### SOURCE MATERIAL

......

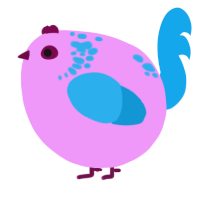 A lavender and sky chicken with a neck-speckle pattern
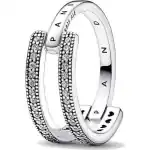 Pandora Jewels Signature Logo & Pave Double Band - Ring - Size 52 ***special Price*** (192779C01-52) Women JEWELRY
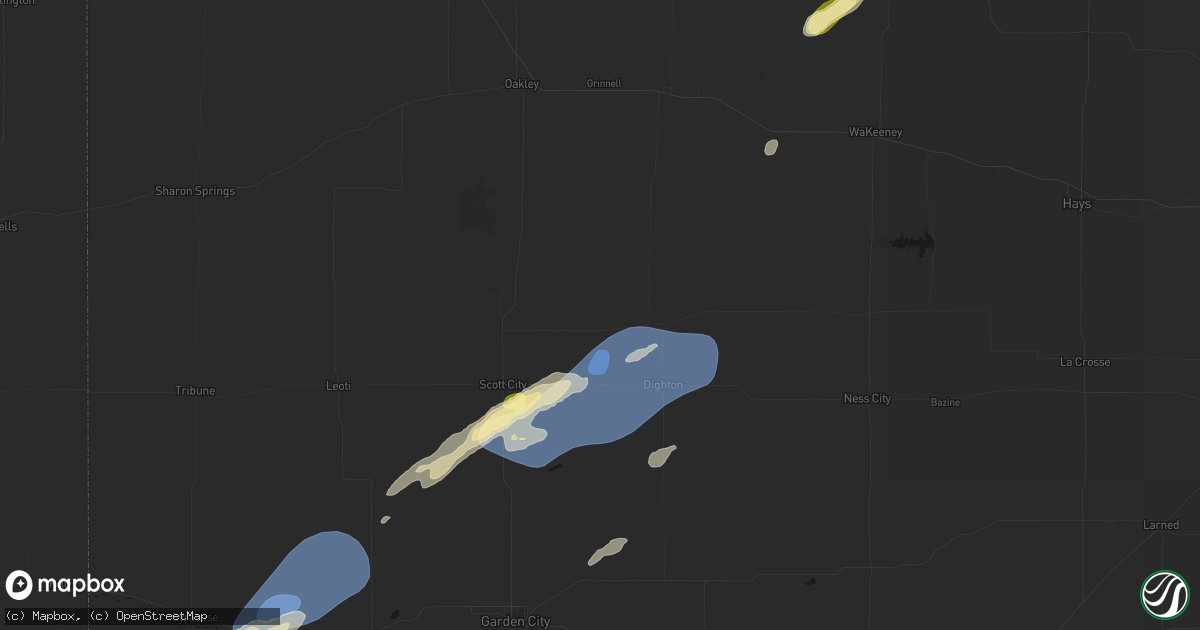 Hail map in Healy, KS on September 14, 2026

......

### PROMPT
Reproduce, word for word, everything in the listing above except the pictures.

### ANSWER SPACE
 A lavender and sky chicken with a neck-speckle pattern
 Pandora Jewels Signature Logo & Pave Double Band - Ring - Size 52 ***special Price*** (192779C01-52) Women JEWELRY
 Hail map in Healy, KS on September 14, 2026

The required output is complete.